O TREM PARA BRANQUINHA[1]
Lincoln Braga Vilas Boas*
Neste livro identifico homens e
mulheres – parentes meus já mortos – e conto histórias vividas, quase todas, no
Nordeste canavieiro, compreendendo esse não apenas o universo rural da região,
mas também as cidades. Fiz o máximo de esforço para localizar a história
de cada pessoa no quadro maior das estruturas sociais que lhe circundavam e dos
eventos importantes (especialmente políticos) que lhes foram contemporâneos.
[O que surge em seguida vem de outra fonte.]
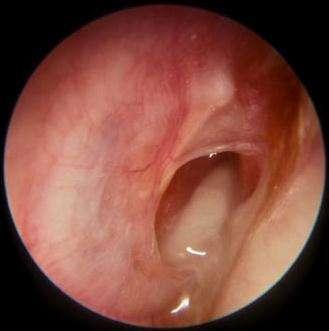 Ears: tympanic perforation Most will heal without intervention Consider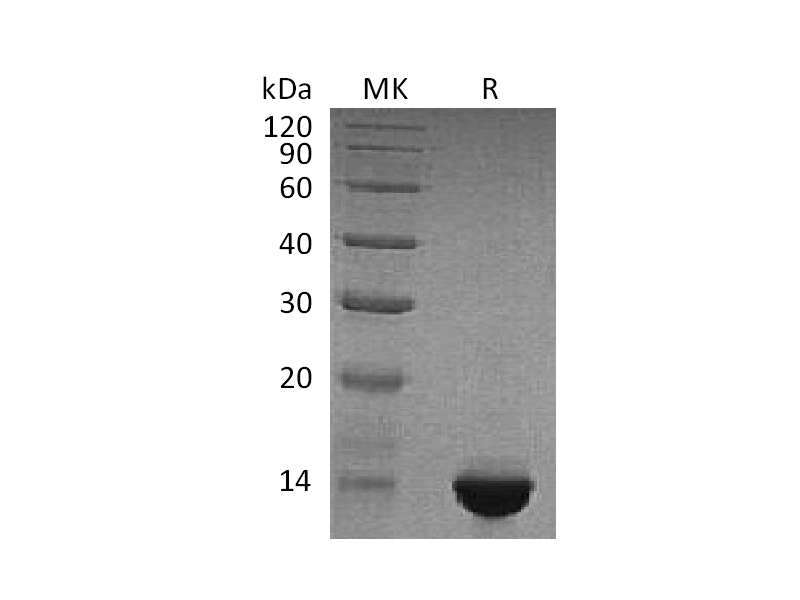 Recombinant Human NT-proBNP (N-6His-Flag)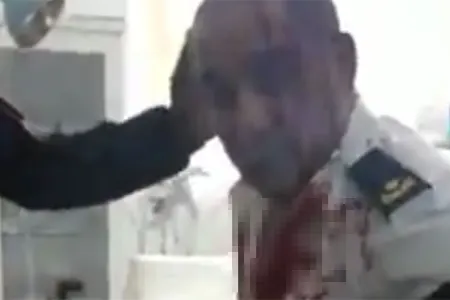 Xəsarət alan SOCAR əməkdaşlarına tibbi yardım - Açıqlama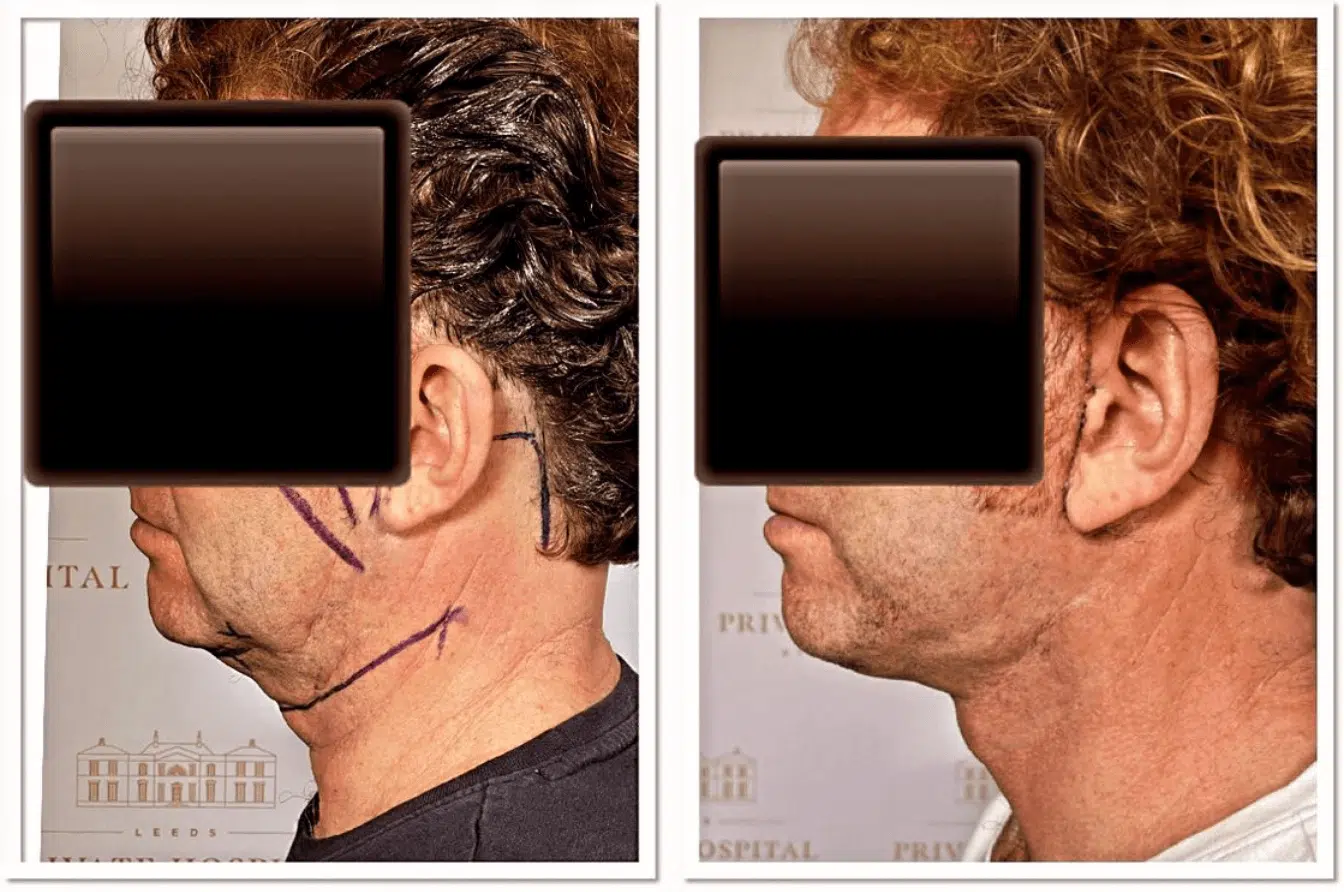 Hydrafacial result 3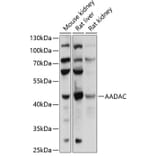 Western Blot - Anti-AADAC/DAC Antibody (A90038) - Antibodies.com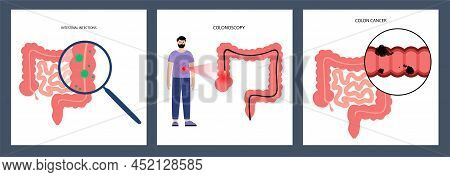 Colorectal Cancer And Viral Infections. Colonoscopy Procedure. Development Of Cancer From The Colon 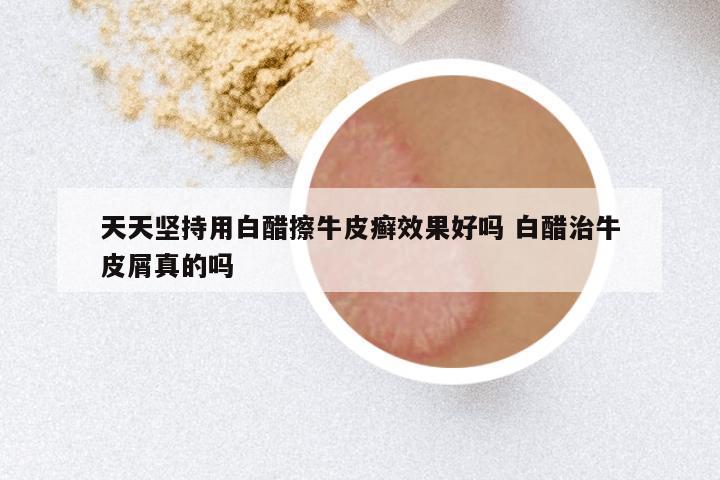 天天坚持用白醋擦牛皮癣效果好吗 白醋治牛皮屑真的吗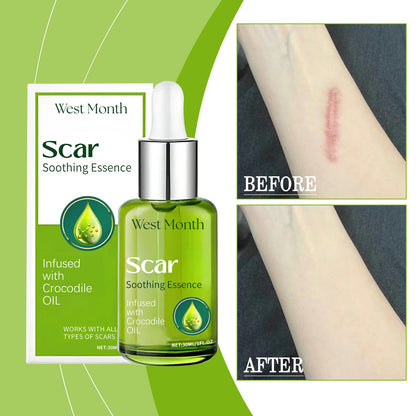 Skin Repair Essence, Body Skin Moisturizing, Firming And Rejuvenating Care Essence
Também dei destaque aos encontros fortuitos ou sistemáticos dos meus familiares
com gente que já era ou se tornaria conhecida do público em geral. Dessa forma,
ao mesmo tempo em que juntava fragmentos biográficos de ancestrais, fui montando
uma história social, econômica, política e de costumes (aqui contada de forma
peculiar, reconheço) do mundo canavieiro-açucareiro nordestino, especialmente,
entre os anos 1870 e 1950 (MAIA GOMES, p. 17. Grifo do autor.)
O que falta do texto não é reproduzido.